I don't think time is a particularly strong keying methodology for distributed tracing. You want to be able to quickly select all spans that have a certain trace ID. The time that the span was ingested is relatively unimportant to the querying mechanics, and you don't do any operations like "combine samples into a 1h average after 5d".

jeffbee · on Oct 21, 2020

When I was at Dropbox I did do this ... we only retained traces for a very short time, so I did daily aggregations of traces into summary data structures that could attribute service time to various span types at different depths of the request etc. Don't ignore the value of aggregating and summarizing trace data. Of course, a TSDB is also useless for this, I agree there.

jrockway · on Oct 21, 2020

Yeah, using the trace data to get RPC latency and success/error charts is useful, but that's just another branch off the data-stream. Your metrics system needs to inspect every trace, so your database only needs the ability to send you a list.

(Jaeger seems to have Kafka support so you can do this in real time. Haven't tried it.)

user5994461 · on Oct 21, 2020

I don't think there's any free TSDB available. The project is maybe 3 years old.

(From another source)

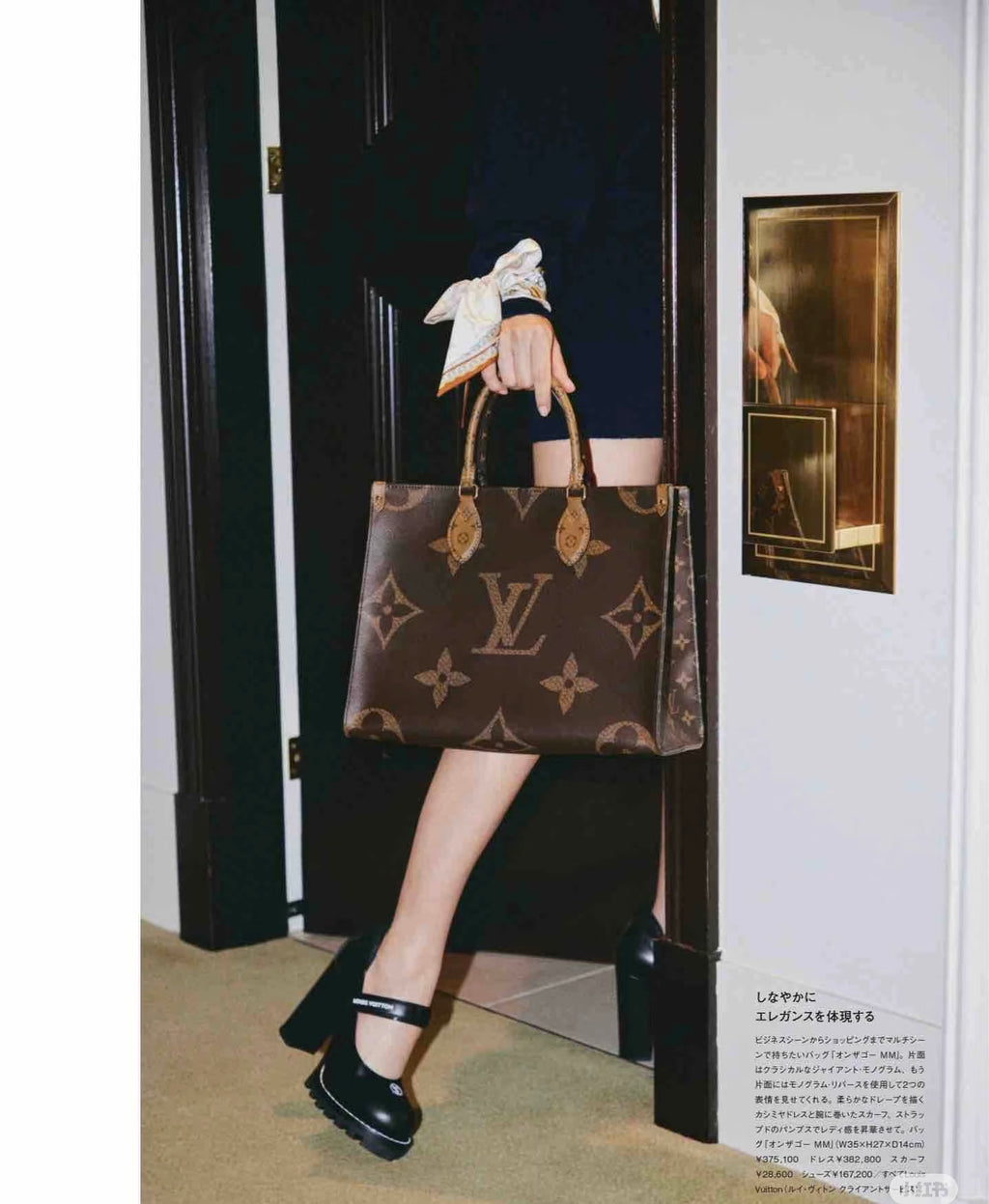Louis Vuitton Shoulder Bag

InfluxDB is more recent and quite limited. Things like sharding is not supported and they stated it would never be supported except in a paid edition when they make one.

Prometheus is more recent. Similar story with scaling. They changed storage formats and rewrote once or twice in the past few years, it's moving really fast. It's more of a standalone product for server metrics (node exporter + prometheus + grafana), wouldn't recommend to use as a general purpose database.

mnsmns · on Oct 21, 2020

As of today sharding is supported in InfluxDB. Prometheus is not suitable for traces, it is more for metrics. The problem I see with all these DBs are they are well suited for specific applications like prometheus for metrics, Influx for IoT. Timescale is still in nascent stages.

ecnahc515 · on Oct 21, 2020

For what it's worth, Jaeger, one of the most popular FOSS tracing servers uses ES/Cassandra for storing it's traces.

Thaxll · on Oct 21, 2020

Also Netflix is a Java shop so anything JVM based makes sense for them.

geodel · on Oct 21, 2020

I feel in between Linkedin, Twitter and Netflix all Java design pattern/framework/architect experts are located. A pleasant surprise to me is Oracle seems to have gotten rid of such products and people.